Chi è il growth hacker

In una riga: il growth hacker è la persona che mette insieme tre teste (marketing, prodotto e numeri) per far crescere un'azienda in modo misurabile. Non si ferma a portare visite: segue il cliente lungo tutto il viaggio, da quando ti scopre a quando torna a comprare e ti porta un amico.

Facciamo un esempio. Pensa a un menu degustazione in un ristorante che funziona. Nessuna portata arriva a caso. L'antipasto prepara il palato, il primo alza l'attesa, il dolce ti lascia con la voglia di tornare. Il growth hacker fa la stessa cosa col tuo cliente: progetta ogni passaggio in modo che il successivo sia più facile, dal primo clic alla seconda fattura. Chi disegna solo l'antipasto e poi lascia il tavolo vuoto non sta facendo growth. Sta facendo metà del lavoro.

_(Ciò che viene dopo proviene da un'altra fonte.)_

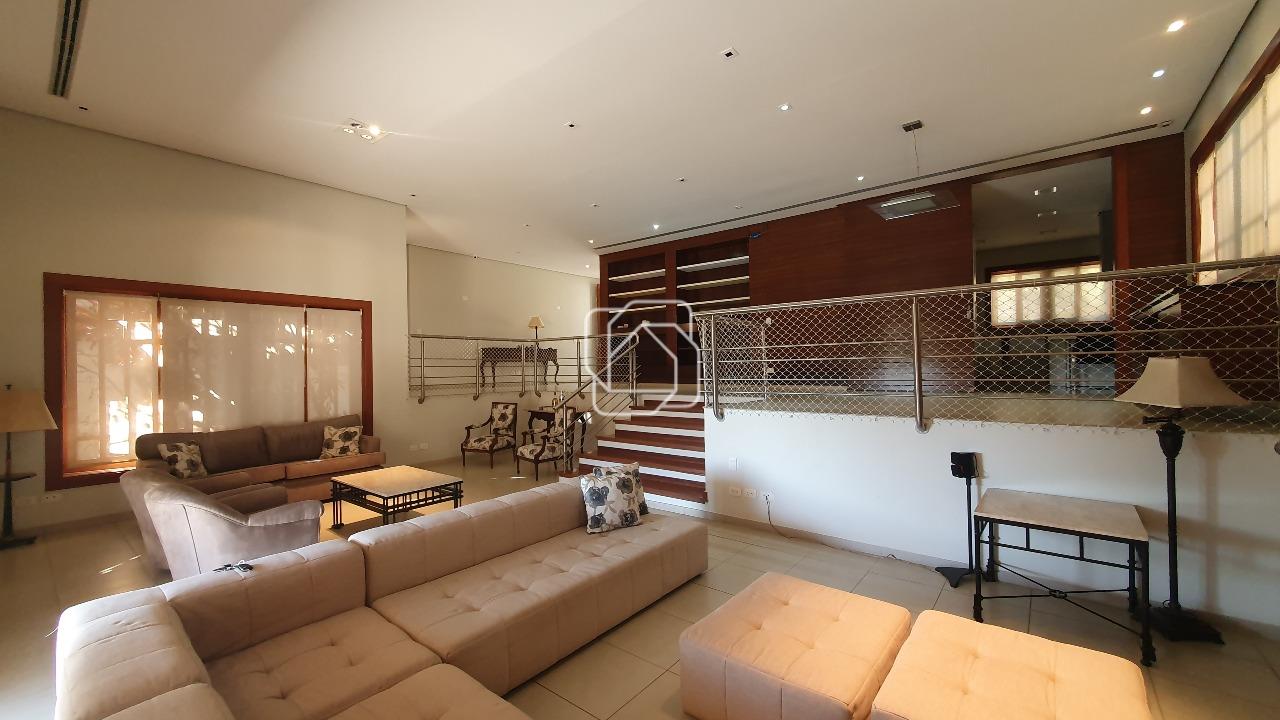 Casa de Condomínio para aluguel em Itu - SP - Condomínio City Castelo: 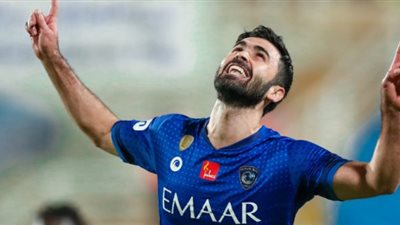 ورطة في الهلال.. خربين يغيب عن 5 مواجهات مصيرية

Il mestiere nasce nelle startup americane intorno al 2010. A coniare il termine è stato Sean Ellis, uno che aveva fatto crescere mezza Silicon Valley. La sua intuizione era semplice: quando vendere un prodotto digitale dipende anche dal prodotto stesso, dai dati e dai sistemi che lavorano da soli, il marketing classico da solo non basta più. Servì un mestiere nuovo, mezzo creativo e mezzo ingegnere.

Oggi, nel 2026, in Italia è una delle figure più cercate e meno trovate. Le aziende che le danno la caccia sono soprattutto le startup tech in fase di crescita, gli e-commerce che vendono direttamente al cliente, il software B2B in abbonamento, il food e il beauty premium che vivono online. La domanda supera l'offerta, e quando la domanda supera l'offerta sai già cosa succede agli stipendi. Ci arriviamo.

Cosa fa nella pratica

Tutto il lavoro vero si raccoglie in cinque mosse. Te le racconto come una ricetta: ingredienti, gesto, risultato. Una alla volta.

1. Acquisizione traffico qualificato

Prima cosa: portare al tavolo le persone giuste. Significa accendere e sistemare le campagne a pagamento (Meta, Google, TikTok, LinkedIn), curare la SEO, cioè farsi trovare su Google senza pagare ogni clic, stringere accordi con altri che parlano allo stesso pubblico, far girare il passaparola. La parola che conta qui è CAC, cioè quanto ti costa portare a casa un cliente nuovo. Il bravo growth hacker abbassa quel costo senza riempire il locale di gente che guarda il menu e se ne va. Tanti clienti veri, spesa per cliente bassa: questo è il gioco.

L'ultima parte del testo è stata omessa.